Macomb County Clark Carmella Sabaugh recently made news when she was ordered by the Michigan Court of Appeals to stop sending A/B applications to every county resident age 60 or older.

“There is no reason for anyone not to be able to vote absentee,” she said. “The state can take your taxes by mail, why can’t you vote by mail?”

Sen. Gilda Jacobs, D-Huntington Woods, Minority Vice-chair of the Campaign and Election Oversight Committee, praised Sabaugh’s actions.

“You have done some very courageous things in your county with absentee voting,” Jacobs said.

A/B voting will increase voter turnout, and people are hard-pressed to find a reason why anyone would be against no reason A/B voting. It is not a Democrat or Republican issue, but for some unknown reason some Republican so-called leaders are opposing it. Jacobs said in a recent U.S. Census survey, more than 7.5 million people said they did not vote because of “logistical reasons,” and in Macomb County voter turnout increased 40 percent after Sabaugh mailed out A/B applications to all senior citizens. It’s much cheaper to mail out an A/B ballot for the price of a 42-cent stamp than to pay $4.20 for a gallon of gas to drive to the poling place to stand in line and vote.

“People ask why anyone would be against no reason absentee voting: that’s a good question,” Jacobs said. “People say it will cause problems for clerks, but the clerks are here to say it doesn’t.”

Current Michigan law says the are only six reasons for A/B voting: age 60 years old or older, unable to vote without assistance at the polls, expecting to be out of town on election day, in jail awaiting arraignment or trial, unable to attend the polls due to religious reasons or are appointed to work as an election inspector in a precinct outside of your precinct of residence.

“We have all been in the situation when a voter comes into our offices to fill out a A/B application, and they freeze when they come to the part that asks for a reason,” said Evan Hope, the Vice-President of the MMCA and the Clerk in Delhi Charter Township.

5 comments:

happy camper said...

Republicans have a long history of disenfranchising those they perceive as more likely to vote Democratic. A kind of reverse GOTV effort.

Communications guru said...

Thanks for commenting. You are correct, and Republicans’ disgusting efforts to keep certain people away from the polls continues with things like the voter ID law. But his makes no sense. I would think the majority of those who would take advantage of no reason absentee voting may be Republicans. This really crosses party lines. Can one of the right-wingers who regularly attack me here tell me why your party opposes this?

Michael Motta said...

In Marshall, we're supposed to vote at a church.
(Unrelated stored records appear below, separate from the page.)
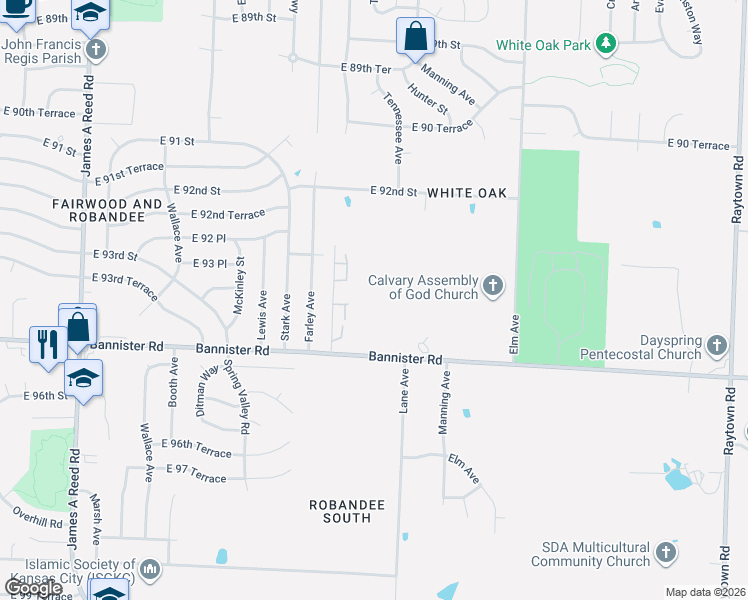 map of restaurants, bars, coffee shops, grocery stores, and more near 8906 Bannister Road in Kansas City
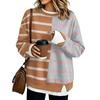 Trendy Women's Casual Loose Fit Long Sleeve Two Piece Striped Sweatshirt Pullover Top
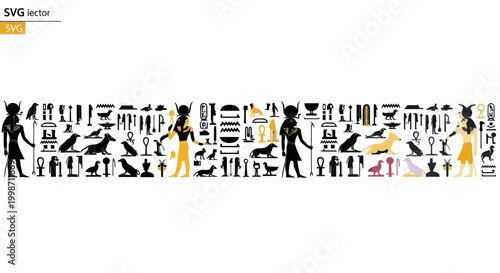 Ancient Egyptian Hieroglyphs and Figures - Historical Art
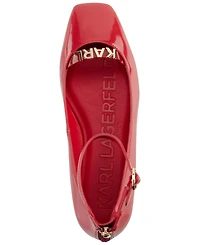 Karl Lagerfeld Paris Women's Zyvia Logo Ankle Strap Flats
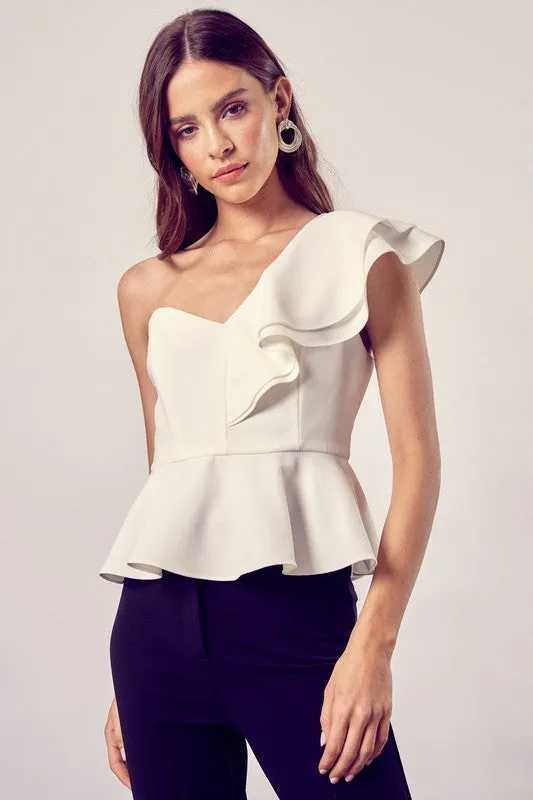 For Better or Work Ruffle Peplum Top - White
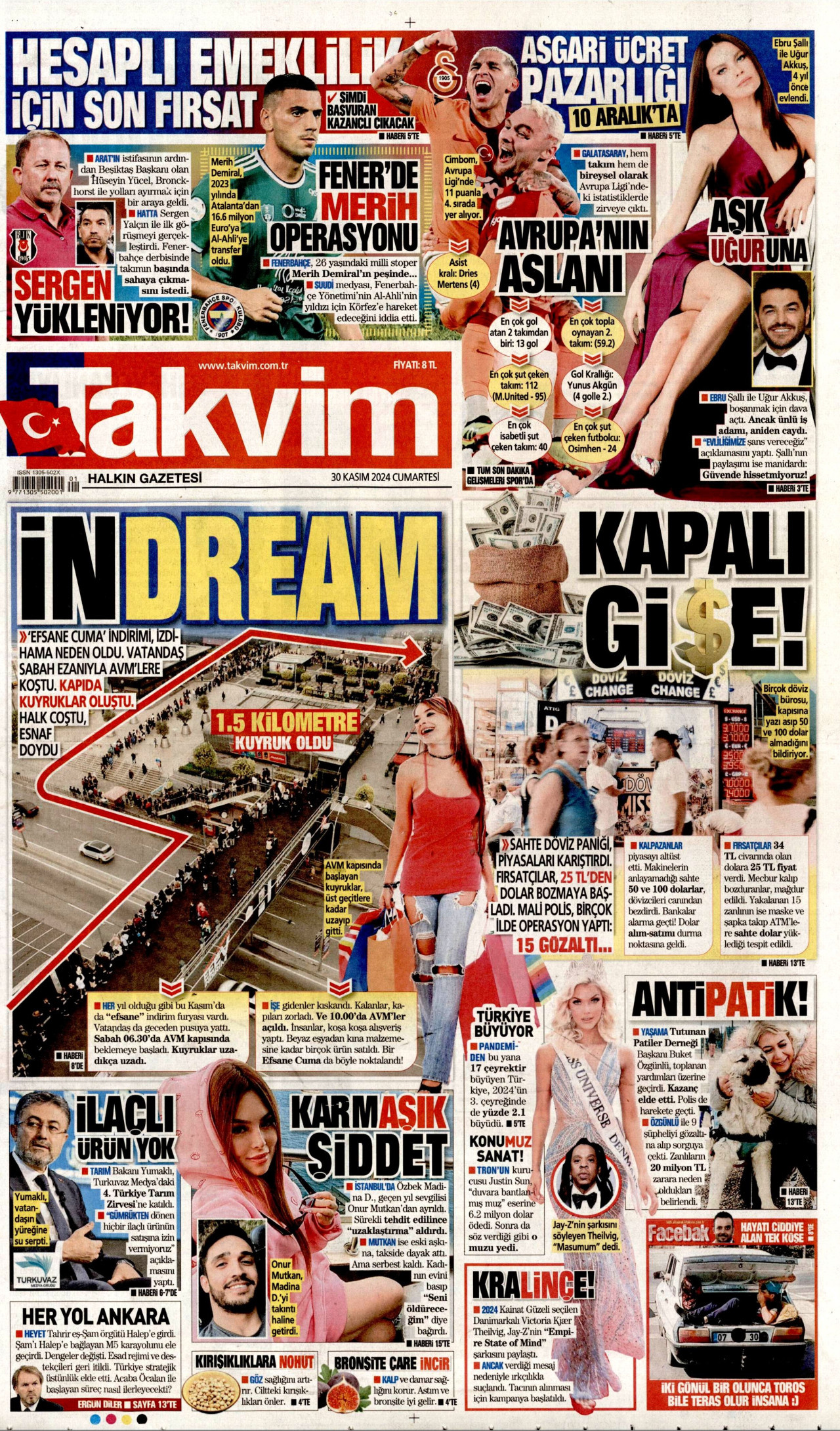 TAKVİM gazetesinin 30 Kasım 2024 tarihli birinci sayfası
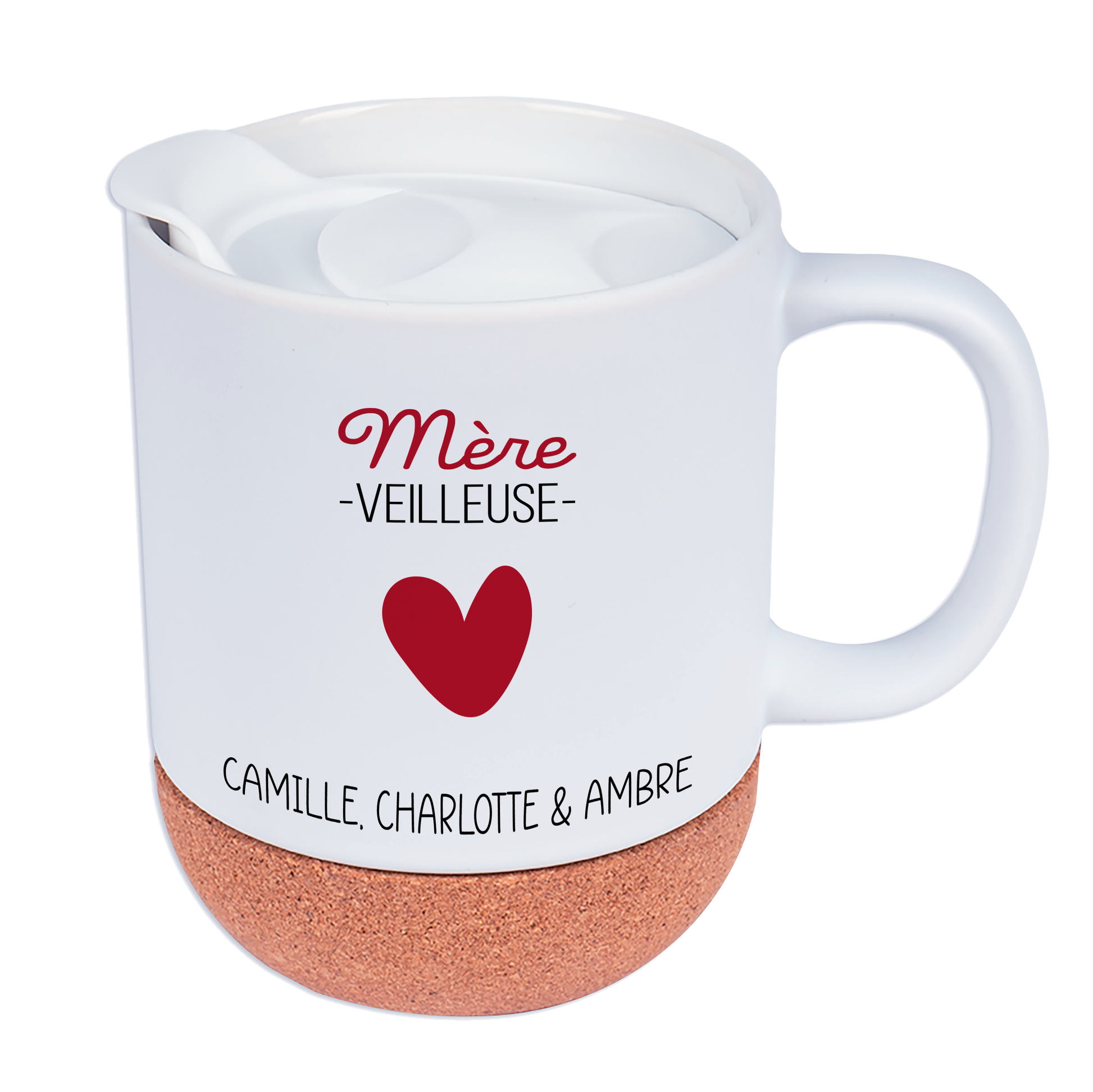 Mug personnalisé Mère-veilleuse avec cœur rouge et prénoms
When I took issue with this, especially since this is the county seat of a mid-sized county, I was told it's the most convenient place to hold elections (the applicable statute says churches can only be used if there aren't any other convenient places to vote - it doesn't say if a church is the MOST convenient place to vote).

Anyway, I called the state elections board or whatever it's called, and a guy there told me I could vote absentee and check the box about my religion precluding my being able to vote at the polls. Here you say it's religious reasons. Either way, I have IRRELIGIOUS reasons, and also First Amendment and MCL reasons for not voting at the polls! So my reasons aren't even listed!

Communications guru said...

Thanks for your input. Just another reason for no reason absentee voting. Again I can’t understand why anyone would oppose this.

Anonymous said...

Voting is a privilege, and an individual's voting decision should not be made lightly. It is a good thing that there is some kind of special effort that needs to be made; this would keep the casual voter away and leave the decision to those who really care. There is already a process to allow for true hardship cases, and that is enough.

A lesser reason: If we all vote at the same time, we are all voting with the same information. Otherwise, events happening after the absentee vote could have changed a voter's choice.